SkalskiP · 2025-07-11T13:00:46Z

supervision/detection/vlm.py

+def from_google_gemini(
+    result: str,
+    resolution_wh: Tuple[int, int],
+) -> Tuple[np.ndarray, np.ndarray]:


This API is inconsistent with the from_paligemma and from_qwen_2_5_vl implementations.

Currently, it is not possible to resolve class_id values. To address this, we should allow users to optionally provide a classes: Optional[List[str]] = None argument. If this argument is given, we should attempt to resolve the class_id for each detection, following the same approach as in from_paligemma and from_qwen_2_5_vl.

The function should return Tuple[np.ndarray, Optional[np.ndarray], np.ndarray], consistent with the return type of from_paligemma and from_qwen_2_5_vl, where Optional[np.ndarray] corresponds to class_id. This value should be None if classes is not provided, and an np.ndarray if it is.

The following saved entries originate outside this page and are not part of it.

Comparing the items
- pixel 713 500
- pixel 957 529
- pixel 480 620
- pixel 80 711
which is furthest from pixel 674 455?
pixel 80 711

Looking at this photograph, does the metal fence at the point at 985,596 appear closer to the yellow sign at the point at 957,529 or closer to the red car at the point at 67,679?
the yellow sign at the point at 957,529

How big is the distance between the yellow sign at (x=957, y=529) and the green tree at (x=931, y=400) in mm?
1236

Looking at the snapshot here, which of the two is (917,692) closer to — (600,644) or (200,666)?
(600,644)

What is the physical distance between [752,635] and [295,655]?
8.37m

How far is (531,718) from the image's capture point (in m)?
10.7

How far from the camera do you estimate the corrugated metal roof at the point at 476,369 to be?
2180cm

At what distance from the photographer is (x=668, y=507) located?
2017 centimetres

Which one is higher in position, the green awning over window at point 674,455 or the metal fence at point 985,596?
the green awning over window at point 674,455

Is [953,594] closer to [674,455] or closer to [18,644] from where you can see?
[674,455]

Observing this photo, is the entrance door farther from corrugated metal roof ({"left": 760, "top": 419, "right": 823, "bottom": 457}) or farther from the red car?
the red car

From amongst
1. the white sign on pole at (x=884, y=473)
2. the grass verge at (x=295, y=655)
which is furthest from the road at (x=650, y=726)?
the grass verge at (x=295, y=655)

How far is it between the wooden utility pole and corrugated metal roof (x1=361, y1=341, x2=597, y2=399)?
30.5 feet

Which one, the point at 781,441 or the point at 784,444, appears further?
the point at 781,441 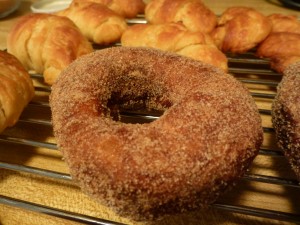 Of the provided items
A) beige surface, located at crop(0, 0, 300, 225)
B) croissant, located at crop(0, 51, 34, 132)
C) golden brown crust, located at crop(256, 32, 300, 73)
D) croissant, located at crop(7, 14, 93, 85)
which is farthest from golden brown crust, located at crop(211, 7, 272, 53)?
croissant, located at crop(0, 51, 34, 132)

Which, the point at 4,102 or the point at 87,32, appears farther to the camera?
the point at 87,32

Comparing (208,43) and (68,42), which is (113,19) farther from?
(208,43)

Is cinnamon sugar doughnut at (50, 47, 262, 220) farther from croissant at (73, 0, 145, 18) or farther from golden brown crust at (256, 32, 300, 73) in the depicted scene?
croissant at (73, 0, 145, 18)

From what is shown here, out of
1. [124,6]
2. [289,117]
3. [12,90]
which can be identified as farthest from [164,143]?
[124,6]

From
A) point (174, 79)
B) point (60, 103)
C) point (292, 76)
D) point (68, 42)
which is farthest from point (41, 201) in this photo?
point (292, 76)

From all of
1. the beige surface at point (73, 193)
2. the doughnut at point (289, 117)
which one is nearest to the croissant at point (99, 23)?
the beige surface at point (73, 193)

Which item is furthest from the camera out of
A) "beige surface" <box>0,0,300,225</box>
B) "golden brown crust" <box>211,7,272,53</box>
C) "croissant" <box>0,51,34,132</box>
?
"golden brown crust" <box>211,7,272,53</box> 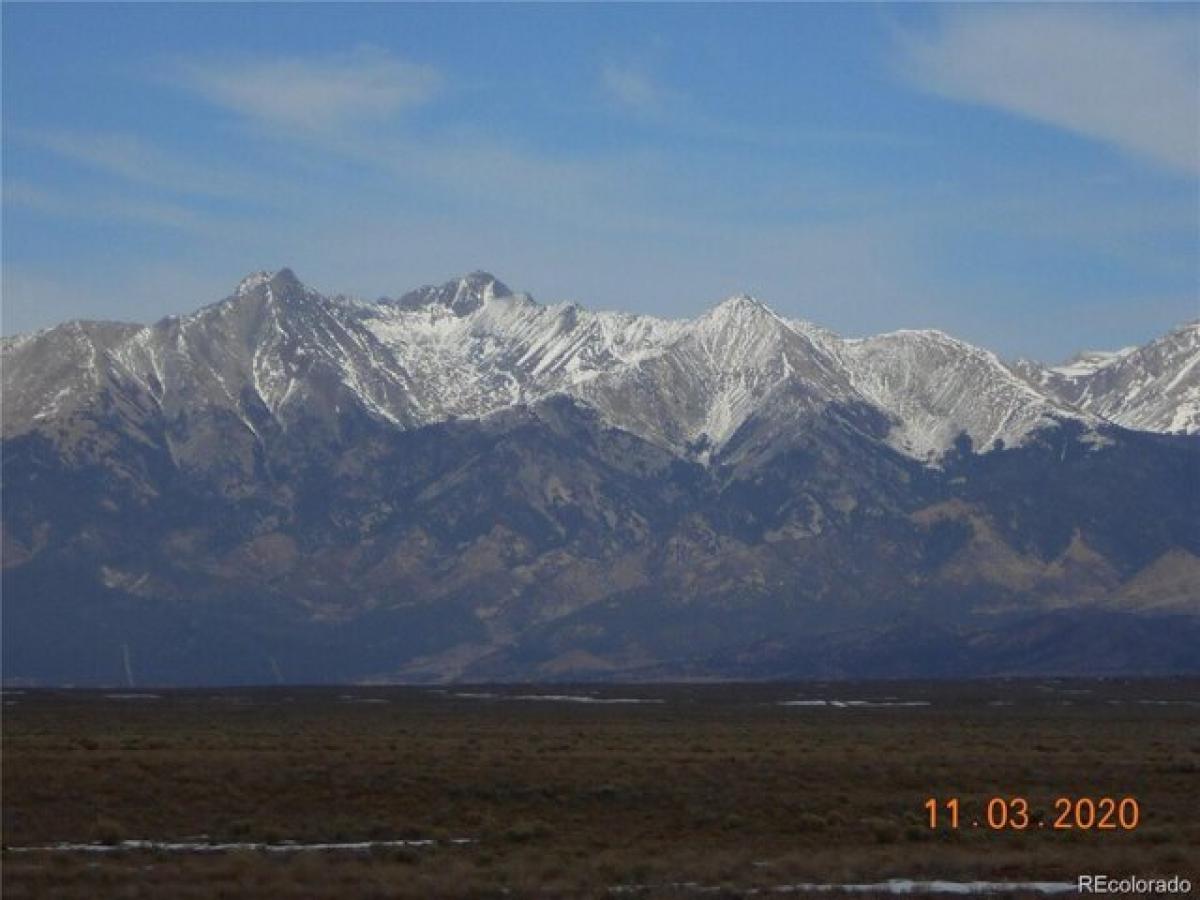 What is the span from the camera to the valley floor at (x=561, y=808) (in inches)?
1767

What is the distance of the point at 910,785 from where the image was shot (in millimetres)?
65812

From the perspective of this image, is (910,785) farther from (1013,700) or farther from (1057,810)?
(1013,700)

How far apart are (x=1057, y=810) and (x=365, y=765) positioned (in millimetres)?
22320

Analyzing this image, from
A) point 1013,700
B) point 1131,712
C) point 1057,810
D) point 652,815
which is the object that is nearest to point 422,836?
point 652,815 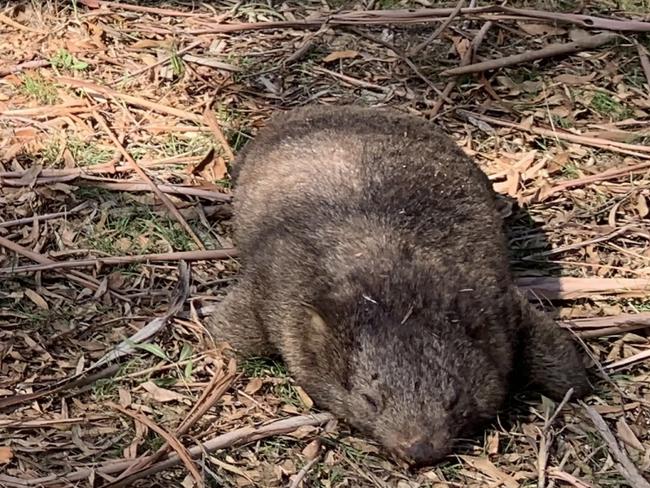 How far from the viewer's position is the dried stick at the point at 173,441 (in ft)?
14.4

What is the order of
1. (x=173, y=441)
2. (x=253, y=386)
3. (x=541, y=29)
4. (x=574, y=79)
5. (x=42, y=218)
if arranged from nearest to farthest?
(x=173, y=441) → (x=253, y=386) → (x=42, y=218) → (x=574, y=79) → (x=541, y=29)

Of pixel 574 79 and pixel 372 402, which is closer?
pixel 372 402

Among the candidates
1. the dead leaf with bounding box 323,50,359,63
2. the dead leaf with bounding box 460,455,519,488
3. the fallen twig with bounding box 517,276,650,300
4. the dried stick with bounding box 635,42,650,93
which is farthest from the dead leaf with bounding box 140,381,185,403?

SkalskiP · 2025-07-11T13:02:21Z

supervision/detection/core.py

+            or vlm == VLM.GOOGLE_GEMINI_2_5_FLASH_PREVIEW
+            or vlm == VLM.GOOGLE_GEMINI_2_5_PRO_PREVIEW
+        ):
+            xyxy, class_name = from_google_gemini(result, **kwargs)


Once from_google_gemini is updated, please make sure to propagate the class_id values into the Detections object.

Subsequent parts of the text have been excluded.